The boards in Denmark’s research foundations are predominantly men, and male researchers are more likely to get funding than their female colleagues. With the Promote Me campaign, associate professor Vanessa Jane Hall wants to correct this gender imbalance.

In August, associate professor in anatomy and physiology Vanessa Jane Hall took part in a course on women and careers at the University of Copenhagen.

Here Professor Jens Hjorth from the Niels Bohr Institute presented a 2015 calculation showing that her male colleagues were 20 per cent more likely to get funding for their research than she was.

“I wasn’t aware that there was gender inequality when it comes to getting funding. Apart from this, it was very inspiring to meet other female researchers, who had the same challenges as I have had,” says Vanessa Jane Hall, who is from Australia and has been working at the University of Copenhagen for ten years.

30 per cent is not good enough

So she decided to do something about the problem. At the end of September, she launched the Promote Me campaign which focuses on gender inequality in Danish research funds.

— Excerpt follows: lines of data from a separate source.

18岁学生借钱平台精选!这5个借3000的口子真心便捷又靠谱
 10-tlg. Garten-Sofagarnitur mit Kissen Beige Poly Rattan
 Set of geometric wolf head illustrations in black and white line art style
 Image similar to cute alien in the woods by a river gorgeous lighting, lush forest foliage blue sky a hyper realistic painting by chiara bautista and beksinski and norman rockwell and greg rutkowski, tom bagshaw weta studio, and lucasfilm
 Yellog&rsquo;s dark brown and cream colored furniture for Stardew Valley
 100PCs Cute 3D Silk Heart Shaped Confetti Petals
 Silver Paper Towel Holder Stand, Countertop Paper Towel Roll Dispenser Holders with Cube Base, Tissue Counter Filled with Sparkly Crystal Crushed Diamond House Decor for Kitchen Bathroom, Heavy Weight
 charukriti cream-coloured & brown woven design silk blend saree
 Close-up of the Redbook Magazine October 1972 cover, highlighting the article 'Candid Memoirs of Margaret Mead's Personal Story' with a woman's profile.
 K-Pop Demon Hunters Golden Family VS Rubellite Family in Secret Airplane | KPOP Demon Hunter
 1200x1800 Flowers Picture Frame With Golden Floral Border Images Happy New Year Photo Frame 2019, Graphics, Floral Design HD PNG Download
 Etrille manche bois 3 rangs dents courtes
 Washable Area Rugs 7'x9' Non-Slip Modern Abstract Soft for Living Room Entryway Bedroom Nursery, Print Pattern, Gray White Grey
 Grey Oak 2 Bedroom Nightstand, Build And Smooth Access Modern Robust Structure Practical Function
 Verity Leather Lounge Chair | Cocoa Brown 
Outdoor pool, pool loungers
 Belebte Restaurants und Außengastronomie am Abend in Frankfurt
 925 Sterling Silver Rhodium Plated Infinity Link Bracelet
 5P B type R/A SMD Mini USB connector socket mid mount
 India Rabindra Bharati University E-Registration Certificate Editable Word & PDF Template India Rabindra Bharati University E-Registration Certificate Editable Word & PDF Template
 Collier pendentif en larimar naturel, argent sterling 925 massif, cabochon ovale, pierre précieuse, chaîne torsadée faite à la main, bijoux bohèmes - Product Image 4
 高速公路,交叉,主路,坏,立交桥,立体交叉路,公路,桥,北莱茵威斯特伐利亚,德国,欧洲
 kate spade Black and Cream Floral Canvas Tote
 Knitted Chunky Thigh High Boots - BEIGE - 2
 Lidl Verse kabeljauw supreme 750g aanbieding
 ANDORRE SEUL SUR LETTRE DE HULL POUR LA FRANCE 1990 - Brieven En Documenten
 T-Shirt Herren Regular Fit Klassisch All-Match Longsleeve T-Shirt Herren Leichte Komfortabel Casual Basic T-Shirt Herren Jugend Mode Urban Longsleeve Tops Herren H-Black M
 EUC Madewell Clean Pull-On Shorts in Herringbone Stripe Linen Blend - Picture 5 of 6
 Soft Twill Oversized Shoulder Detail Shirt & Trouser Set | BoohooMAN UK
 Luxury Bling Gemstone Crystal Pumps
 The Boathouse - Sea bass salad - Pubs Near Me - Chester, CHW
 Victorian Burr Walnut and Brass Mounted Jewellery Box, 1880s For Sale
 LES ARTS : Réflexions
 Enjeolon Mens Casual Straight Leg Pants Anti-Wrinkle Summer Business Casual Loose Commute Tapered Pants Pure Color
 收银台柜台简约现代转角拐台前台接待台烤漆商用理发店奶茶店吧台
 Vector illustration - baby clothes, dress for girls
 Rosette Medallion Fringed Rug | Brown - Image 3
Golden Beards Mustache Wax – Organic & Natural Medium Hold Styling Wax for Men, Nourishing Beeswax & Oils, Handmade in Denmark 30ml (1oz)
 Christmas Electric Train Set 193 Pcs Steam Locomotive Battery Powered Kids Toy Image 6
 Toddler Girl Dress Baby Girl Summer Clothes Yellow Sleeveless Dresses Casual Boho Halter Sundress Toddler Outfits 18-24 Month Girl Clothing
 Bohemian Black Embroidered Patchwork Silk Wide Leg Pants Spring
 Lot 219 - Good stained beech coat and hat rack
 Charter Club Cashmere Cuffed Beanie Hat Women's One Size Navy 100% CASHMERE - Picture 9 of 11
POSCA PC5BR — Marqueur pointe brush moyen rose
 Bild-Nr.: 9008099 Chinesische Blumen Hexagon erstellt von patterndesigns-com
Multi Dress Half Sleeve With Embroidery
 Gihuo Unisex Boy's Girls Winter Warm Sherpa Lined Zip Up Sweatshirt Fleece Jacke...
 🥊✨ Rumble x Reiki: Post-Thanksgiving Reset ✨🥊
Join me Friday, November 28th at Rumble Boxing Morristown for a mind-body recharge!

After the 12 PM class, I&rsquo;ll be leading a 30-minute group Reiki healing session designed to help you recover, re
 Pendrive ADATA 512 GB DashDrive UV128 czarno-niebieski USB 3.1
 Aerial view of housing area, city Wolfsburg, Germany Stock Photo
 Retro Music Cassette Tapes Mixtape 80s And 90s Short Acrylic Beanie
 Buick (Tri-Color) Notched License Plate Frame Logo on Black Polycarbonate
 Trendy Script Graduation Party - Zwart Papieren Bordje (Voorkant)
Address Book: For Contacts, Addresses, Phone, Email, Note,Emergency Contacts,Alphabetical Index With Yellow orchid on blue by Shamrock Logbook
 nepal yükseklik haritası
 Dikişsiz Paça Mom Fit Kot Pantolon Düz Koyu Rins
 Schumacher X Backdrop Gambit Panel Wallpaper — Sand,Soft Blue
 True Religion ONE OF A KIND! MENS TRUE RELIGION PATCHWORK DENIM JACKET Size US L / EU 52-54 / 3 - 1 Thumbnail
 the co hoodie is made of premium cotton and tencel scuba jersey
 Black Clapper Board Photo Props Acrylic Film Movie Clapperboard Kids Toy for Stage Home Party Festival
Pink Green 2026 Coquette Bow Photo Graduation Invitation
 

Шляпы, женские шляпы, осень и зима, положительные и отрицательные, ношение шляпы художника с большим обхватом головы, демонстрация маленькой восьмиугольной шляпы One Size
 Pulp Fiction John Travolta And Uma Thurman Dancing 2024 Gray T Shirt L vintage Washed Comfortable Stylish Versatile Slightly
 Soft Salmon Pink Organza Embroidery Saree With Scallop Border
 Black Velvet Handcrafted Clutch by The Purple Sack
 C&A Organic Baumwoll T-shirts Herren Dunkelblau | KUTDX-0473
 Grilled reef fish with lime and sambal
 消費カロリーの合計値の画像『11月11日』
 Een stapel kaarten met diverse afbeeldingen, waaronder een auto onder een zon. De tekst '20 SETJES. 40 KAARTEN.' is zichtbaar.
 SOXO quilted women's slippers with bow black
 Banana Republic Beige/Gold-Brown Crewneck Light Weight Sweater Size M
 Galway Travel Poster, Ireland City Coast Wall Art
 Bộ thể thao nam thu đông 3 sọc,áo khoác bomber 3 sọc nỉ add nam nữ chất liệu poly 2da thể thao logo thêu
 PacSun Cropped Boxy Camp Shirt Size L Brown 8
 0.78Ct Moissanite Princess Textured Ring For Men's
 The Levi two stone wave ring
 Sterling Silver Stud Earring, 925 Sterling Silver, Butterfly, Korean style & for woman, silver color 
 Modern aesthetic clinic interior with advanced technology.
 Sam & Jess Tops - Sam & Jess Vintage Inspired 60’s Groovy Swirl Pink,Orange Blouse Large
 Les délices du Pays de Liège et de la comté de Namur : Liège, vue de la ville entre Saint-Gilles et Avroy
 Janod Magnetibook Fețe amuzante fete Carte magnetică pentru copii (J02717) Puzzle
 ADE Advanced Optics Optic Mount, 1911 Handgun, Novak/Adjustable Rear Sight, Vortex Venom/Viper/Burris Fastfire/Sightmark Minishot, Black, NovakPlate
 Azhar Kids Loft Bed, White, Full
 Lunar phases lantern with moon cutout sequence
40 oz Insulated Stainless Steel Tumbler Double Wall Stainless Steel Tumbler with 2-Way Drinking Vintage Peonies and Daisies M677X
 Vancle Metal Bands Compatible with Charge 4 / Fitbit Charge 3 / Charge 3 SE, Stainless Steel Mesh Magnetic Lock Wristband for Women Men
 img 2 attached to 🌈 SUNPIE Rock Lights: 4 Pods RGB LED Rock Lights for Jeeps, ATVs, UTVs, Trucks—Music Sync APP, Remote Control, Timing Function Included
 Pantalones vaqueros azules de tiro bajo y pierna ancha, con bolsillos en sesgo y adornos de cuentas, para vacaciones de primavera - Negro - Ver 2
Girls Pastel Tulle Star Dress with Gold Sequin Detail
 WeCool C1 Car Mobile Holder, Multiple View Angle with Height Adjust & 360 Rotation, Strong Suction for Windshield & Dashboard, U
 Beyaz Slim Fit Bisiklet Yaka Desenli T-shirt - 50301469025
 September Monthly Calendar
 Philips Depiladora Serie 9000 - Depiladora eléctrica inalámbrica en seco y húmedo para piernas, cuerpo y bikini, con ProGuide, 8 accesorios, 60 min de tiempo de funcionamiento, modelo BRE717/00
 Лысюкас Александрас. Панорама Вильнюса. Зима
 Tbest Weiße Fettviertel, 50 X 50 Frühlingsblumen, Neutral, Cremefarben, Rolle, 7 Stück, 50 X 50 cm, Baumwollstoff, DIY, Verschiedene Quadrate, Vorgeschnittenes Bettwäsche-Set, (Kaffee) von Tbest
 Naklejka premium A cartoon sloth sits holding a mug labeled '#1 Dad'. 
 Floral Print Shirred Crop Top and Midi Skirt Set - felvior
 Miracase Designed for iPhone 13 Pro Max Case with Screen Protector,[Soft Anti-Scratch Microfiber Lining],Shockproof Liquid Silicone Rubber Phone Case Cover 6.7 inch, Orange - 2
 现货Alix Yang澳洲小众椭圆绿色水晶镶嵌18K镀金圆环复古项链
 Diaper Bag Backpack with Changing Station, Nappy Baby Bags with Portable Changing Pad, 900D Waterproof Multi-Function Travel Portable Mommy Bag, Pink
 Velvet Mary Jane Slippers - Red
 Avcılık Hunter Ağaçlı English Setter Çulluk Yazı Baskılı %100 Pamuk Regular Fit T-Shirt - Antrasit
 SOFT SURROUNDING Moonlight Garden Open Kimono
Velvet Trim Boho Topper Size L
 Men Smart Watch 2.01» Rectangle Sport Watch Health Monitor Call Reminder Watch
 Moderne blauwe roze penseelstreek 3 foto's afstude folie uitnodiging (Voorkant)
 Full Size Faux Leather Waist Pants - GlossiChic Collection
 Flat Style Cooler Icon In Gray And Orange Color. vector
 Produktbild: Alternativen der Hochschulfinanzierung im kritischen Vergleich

It’s not an isolated issue. All the research funds except the Innovation Fund Denmark have a skewed gender distribution in their boards of directors

Vanessa Jane Hall, associate professor and initiator of Promoteme.co

As part of the campaign, she has collected data on the percentage of women who sit on the boards of Danish research funds. The data shows that there are between 25.6 and 44.4 per cent women on the boards of Danish research funds. One fund, the IRFD, however, had 66.6 per cent female representation.

“I am not trying to shame anyone, but just to show the facts. It’s not an isolated issue. All the research funds except the Innovation Fund Denmark have a skewed gender distribution in their boards of directors. And when the balance is skewed, then a count like this can perhaps help foster more focus on gender diversity in the funds. The purpose is to create more awareness in this area,” says Vanessa Jane Hall and adds:

“The Independent Research Fund Denmark, for example, has 58 per cent women in their academic council for culture and communication. This is great, but this is an exception. I am not in favour of quotas for women, but they should be able to do better than 25-30 per cent female members which is the case of the boards for most foundations,” she explains.

Fewer women get grants

According to Vanessa Jane Hall it is another problem that fewer women researchers apply for, and receive, research grants than their male colleagues. In this context, the funds’ application processes play a role.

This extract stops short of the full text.